XSA Proposal - XML Software Autoupdate
From owner-xml-dev@ic.ac.uk Wed Aug 5 11:48:25 1998
Date: Wed, 05 Aug 1998 18:33:07 +0200
From: Lars Marius Garshol <larsga@ifi.uio.no>
Subject: XSA proposal
Below is attached a proposal for a specification for a system I'm
putting together and will use to keep my XML tools list up to date.
The system is currently using a restricted version of it and so far
it has worked well, apart from the fact that rather few developers
use it.
Making it a more "official" specification and enabling others to
use it as well will hopefully change this.
====== Start of proposal:
This is a proposal for XML Software Autoupdate, a system for
automatically keeping track of new releases of software products. It
is mainly intended for use by maintainers of software indices. The
default acronym for XML Software Autoupdate is XSA.
1. Introduction
1.1 Motivation and purpose
An XSA document is an XML document that describes the current status
of a software product marked up with the XSA DTD. It is intended that
software vendors and authors will maintain a single XSA document for
all their software, updating it every time a new version of a product
is released or some other information related to the product or the
vendor changes. This will allow all interested parties to poll the XSA
document and discover new releases and address changes automatically.
The polling model has been used since it requires less resources to
set up both for software vendors and XSA clients, and since is
expected that the number of interested parties for each software
product will be low. Should this turn out to not be the case the XSA
DTD could be used with only a minor modification in a notification
model.
2. Examples
2.1 Example document
Here is a sample XSA document:
<?xml version="1.0" standalone="yes"?>
<!DOCTYPE software PUBLIC "-//LMG//DTD XSA 1.0//EN" "software.dtd">
<software>
<vendor>
<name>Lars Marius Garshol</name>
<email>larsga@ifi.uio.no</email>
<url>http://www.stud.ifi.uio.no/~larsga/</url>
</vendor>
<product id="xmlproc">
<name>xmlproc</name>
<version>0.50</version>
<last-release>19980718</last-release>
<info-url>http://www.stud.ifi.uio.no/~larsga/download/python/xml/xmlproc.htm
l</info-url>
<changes>
Version 0.50 conforms even more closely to the spec, some bugs
have been removed and there are now several ways to access DTD
information. Notation attributes are still not implemented.
</changes>
</product>
</software>
2.2 Example use
A maintainer of a software index might have as part of the entry for
the xmlproc parser the following information:
- the URL of the XSA document for this parser
- the ID of the parsers product element in that document
This could then be used by software to compare the information in the
XSA document with the information in the software index. If the
version numbers do not match the software can notify the maintainer,
allowing him or her to update the index.
3. The XSA DTD
3.1 The DTD itself
<!ELEMENT software (vendor, product+)>
This is the root element of the XSA document, and contains an element
with vendor information followed by elements describing that vendors
software products.
<!ELEMENT vendor (name,email,url?)>
The vendor element contains information about the vendor, in order
that the XSA software might keep track of changes in vendor names,
contact addresses and home page URLs.
<!ELEMENT name (#PCDATA)>
This element must contain the name of the software vendor or
author. WS treatment: normalize. (See section 3.2 for an explanation.)

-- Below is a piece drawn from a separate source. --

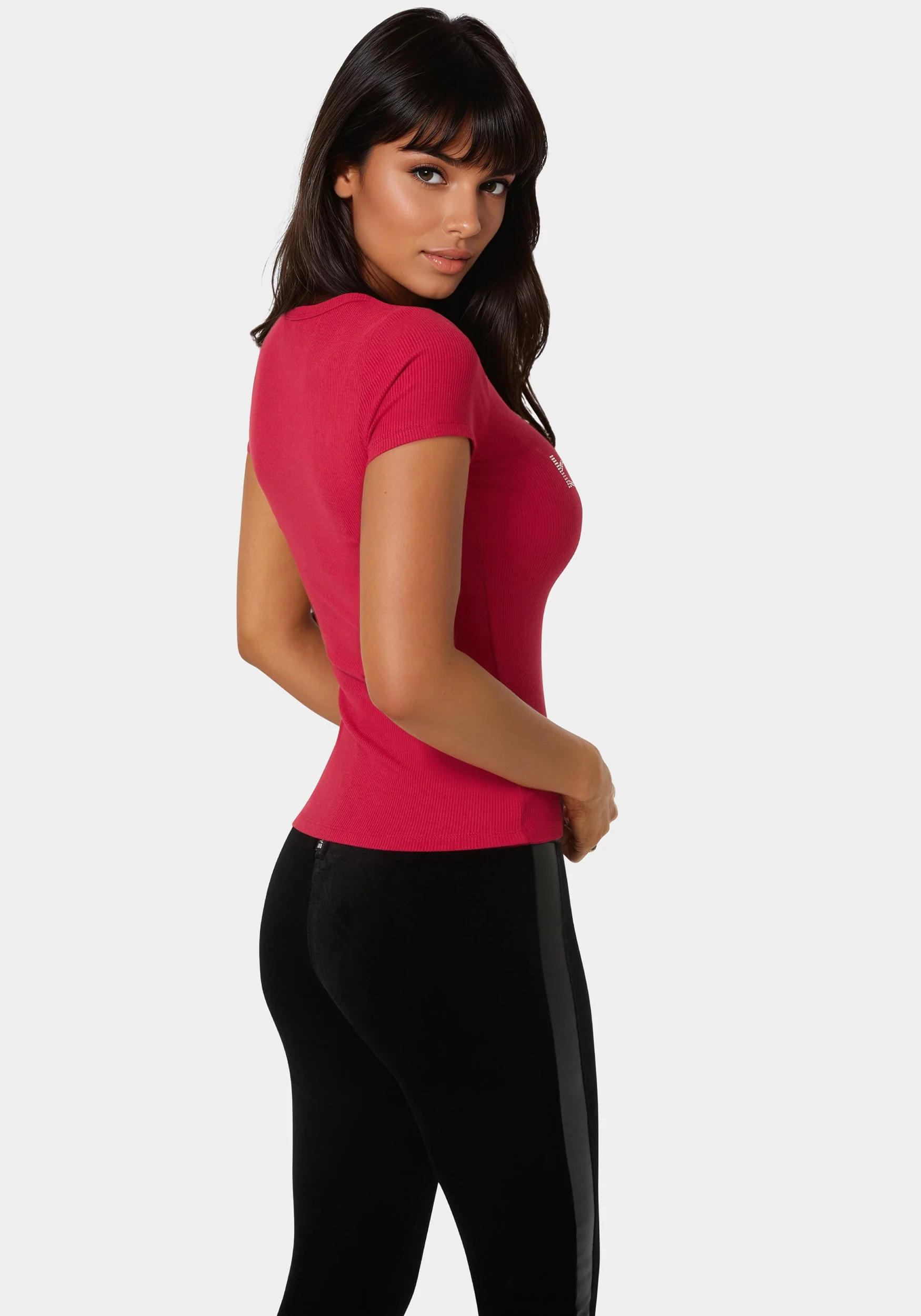 Bebe Logo Short Sleeve Round Neck Rib Top - Image 3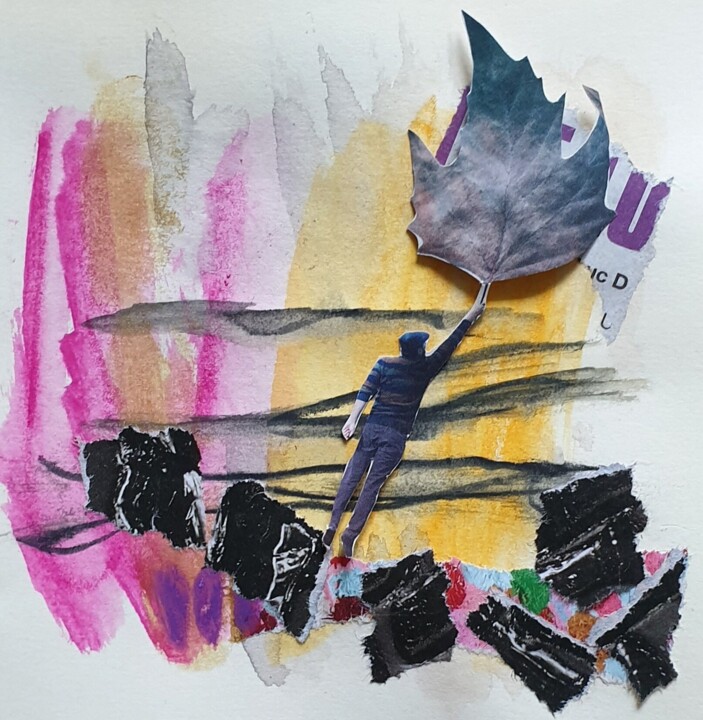 Collages intitulée "Seconde évasion" par Julie Verhague, Œuvre d'art originale, Collages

<!ELEMENT email (#PCDATA)>
This element must contain an email address to be used for
correspondence regarding the software products listed in the XSA
document. WS treatment: remove.
<!ELEMENT url (#PCDATA)>
This element must contain the URL to a resource where information
about the software vendor or author can be found. WS treatment:
remove.
<!ELEMENT product (name,version,last-release,info-url?,
changes?)>
The product element contains information about a product, to be used
by XSA software to detect new releases of a product, name changes or
changes in the home page URL.
<!ATTLIST product id ID #REQUIRED>
The id attribute must contain an identifier for the product that must
be unique within the XSA document. This id should be used by XSA
clients to identify a particular product within an XSA document.
<!ELEMENT version (#PCDATA)>
This element must contain only the version identifier of the software
product. If the product release does not have a version identifier the
release date in ISO YYY format must be used instead. WS treatment:
normalize.
<!ELEMENT last-release (#PCDATA)>
This element should contain the date of the last release of the
software in ISO YYY format. WS treatment: remove.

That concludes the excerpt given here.